Version en vigueur depuis le 16/12/1952Version en vigueur depuis le 16 décembre 1952

Sont interdits tout lock-out et toute grève déclenchés avant épuisement des procédures de conciliation et de recommandation ou en violation des dispositions d'un accord de conciliation ou d'une recommandation ayant acquis force exécutoire.

Le lock-out ou la grève engagé en contravention des dispositions de la présente loi peut entraîner par sentence de la cour supérieure d'arbitrage :

a) Pour les employeurs, le payement aux travailleurs des journées de salaires perdues de ce fait et, pendant une période de deux ans au minimum, l'inéligibilité aux fonctions de membres des chambres de commerce, l'interdiction de faire partie d'une commission consultative du travail et d'un conseil d'arbitrage, de participer, sous une forme quelconque, à une entreprise de travaux ou un marché de fournitures pour le compte de l'Etat, du territoire ou d'une collectivité publique ;

b) Pour les travailleurs, la perte du droit à l'indemnité de préavis et aux dommages-intérêts pour rupture de contrat.
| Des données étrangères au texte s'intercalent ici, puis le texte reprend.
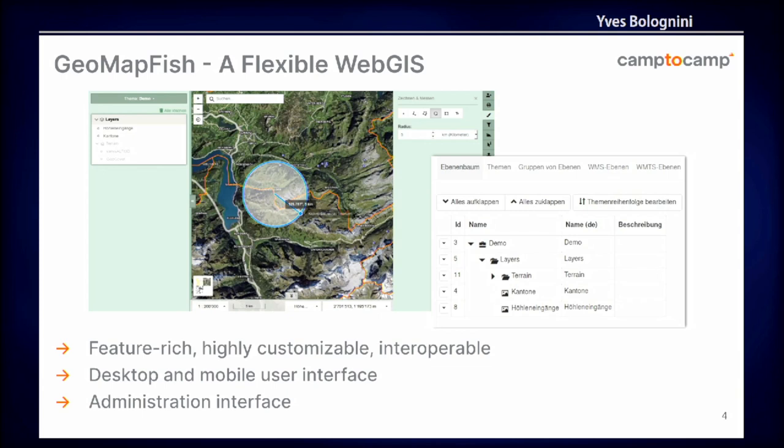GeoMapFish is a flexible web GIS. You can see here screenshots of the demo project. It's highly customizable - it's more like a framework than a product. It's highly interoperable with all the standards using QGIS Server, MapServer, or all map providers. We have a desktop interface with a lot of features, a bit too many for mobile, that's why we also have a mobile interface, and a very rich administration interface to add layers, themes, and manage roles and users.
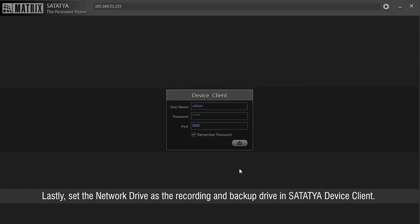Lastly, set the network drive as the recording and backup drive in Satathya Device Client.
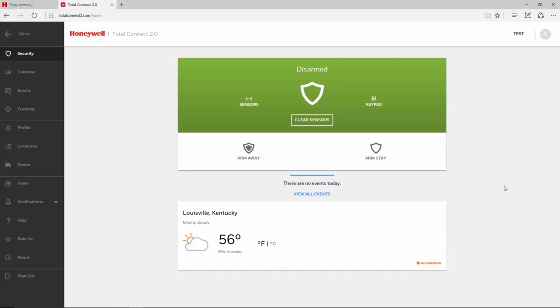After the Communicator retrieves this data from AlarmNet 360, log back in to Total Connect 2. It can take several minutes for the error to clear after the Communicator retrieves data from AlarmNet 360.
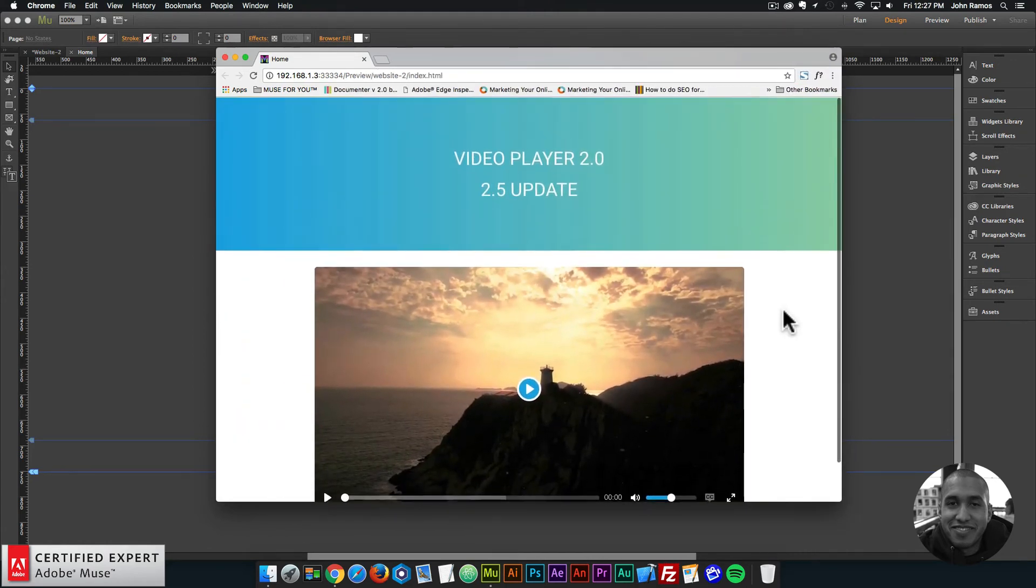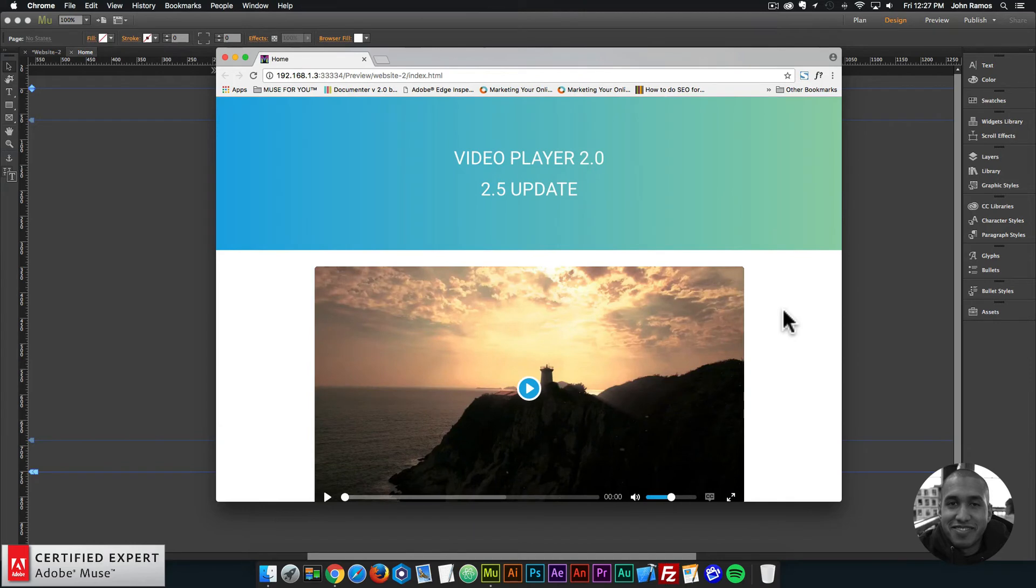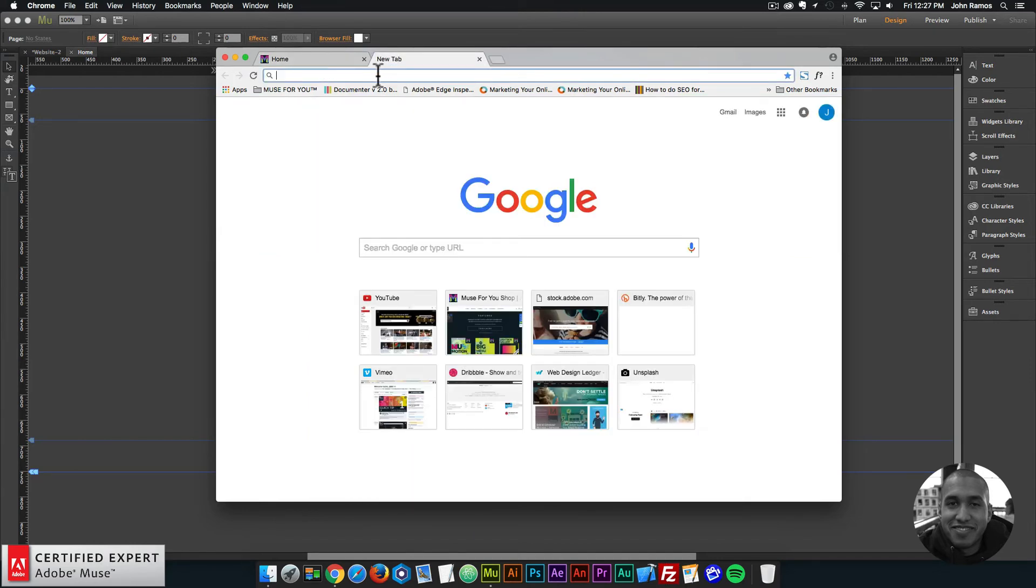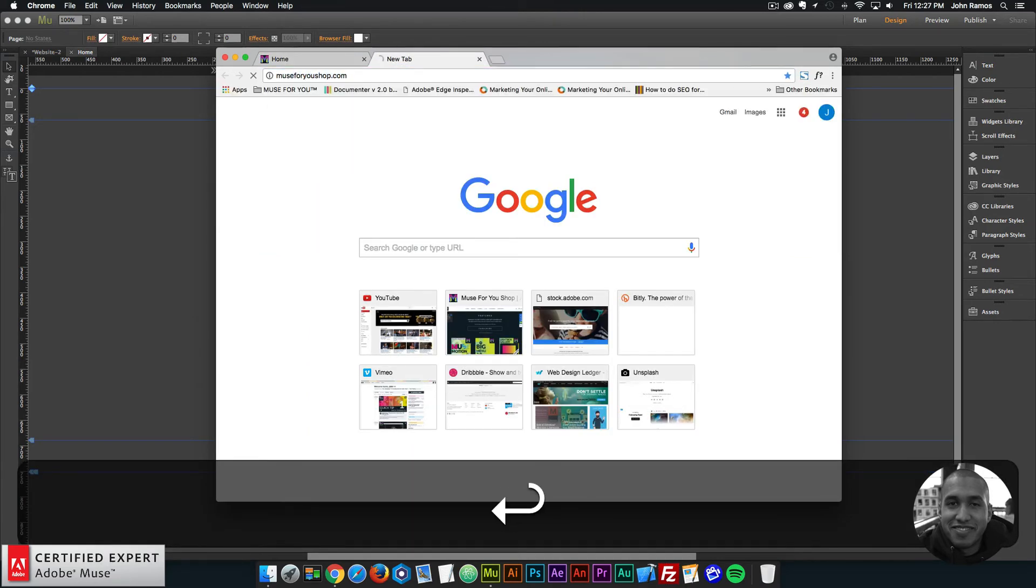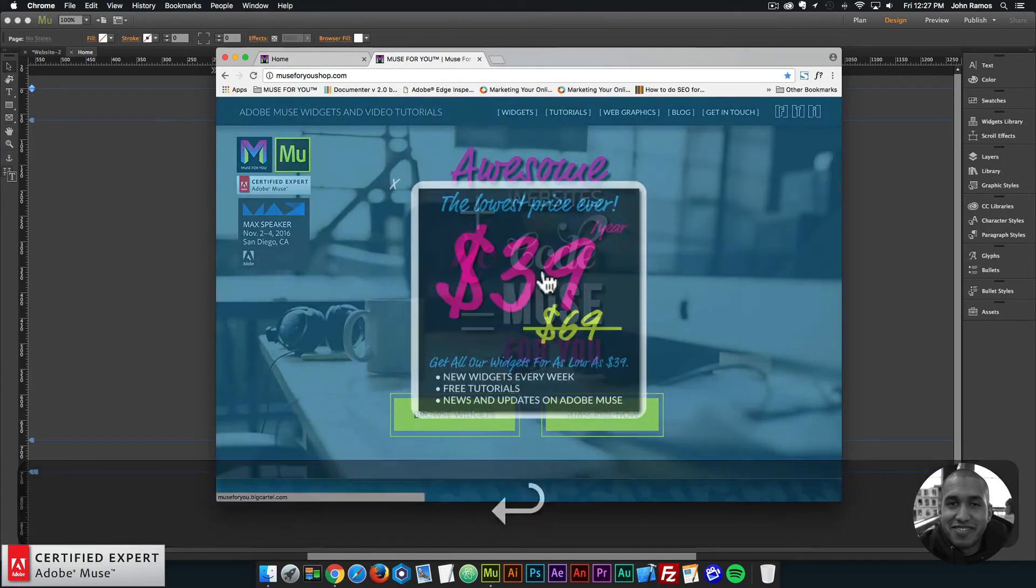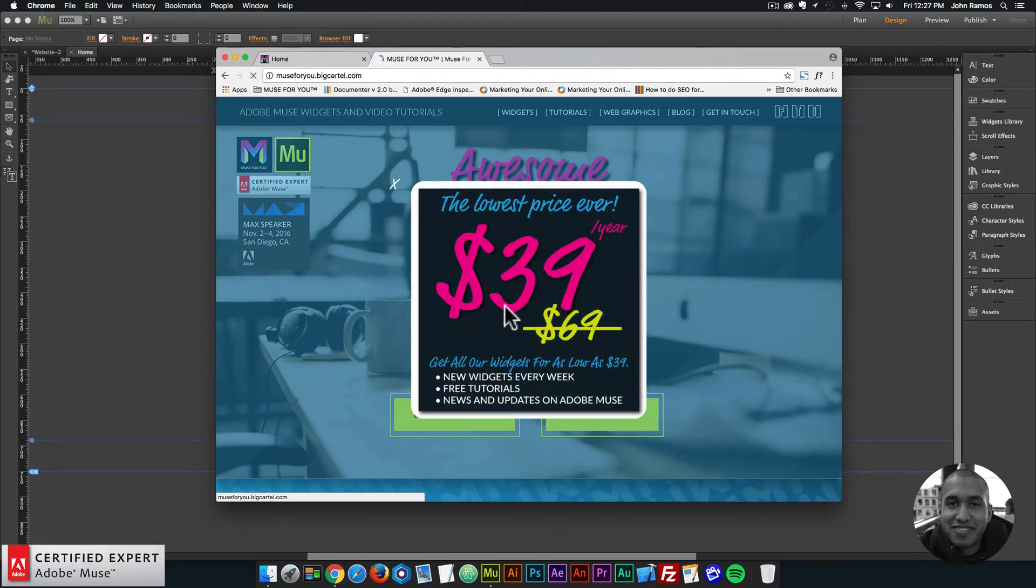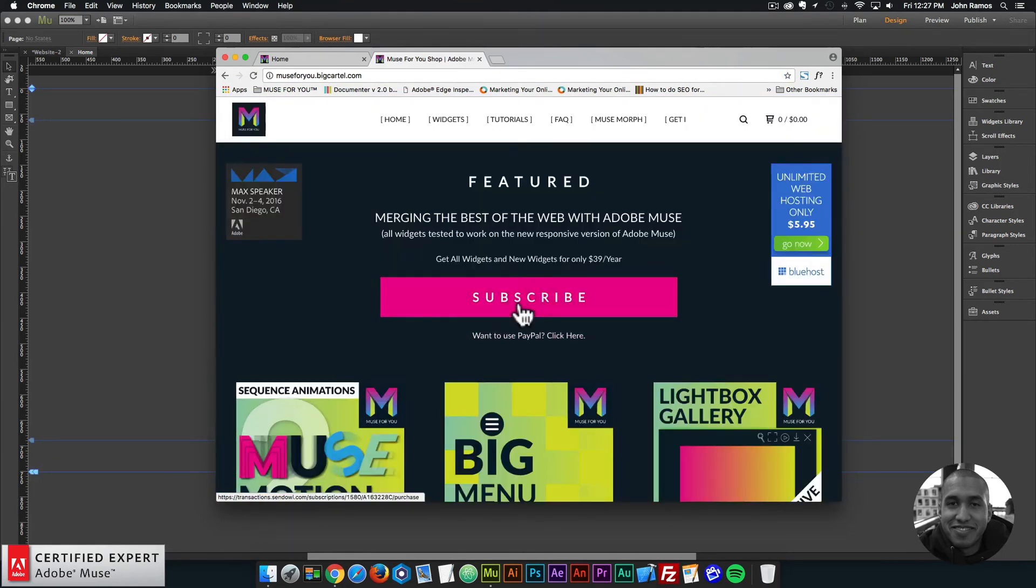All right, so that's all I wanted to go over in this video tutorial. To get access to the video player 2.0, you simply go to musefreeshop.com. Here you can click on the pop-up. And here you can click subscribe to get access to all widgets and any new widgets I come out with for $39 a year.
La grève déclenchée après notification de l'opposition à ce que la recommandation de l'expert acquière force exécutoire n'entraîne pas la rupture du contrat de travail.



[ L'ordonnance 82-1114 du 23 décembre 1982, art. 83 : le présent article n'est plus applicable à compter du 29 décembre 1982 dans le territoire de Nouvelle-Calédonie et dépendances. *]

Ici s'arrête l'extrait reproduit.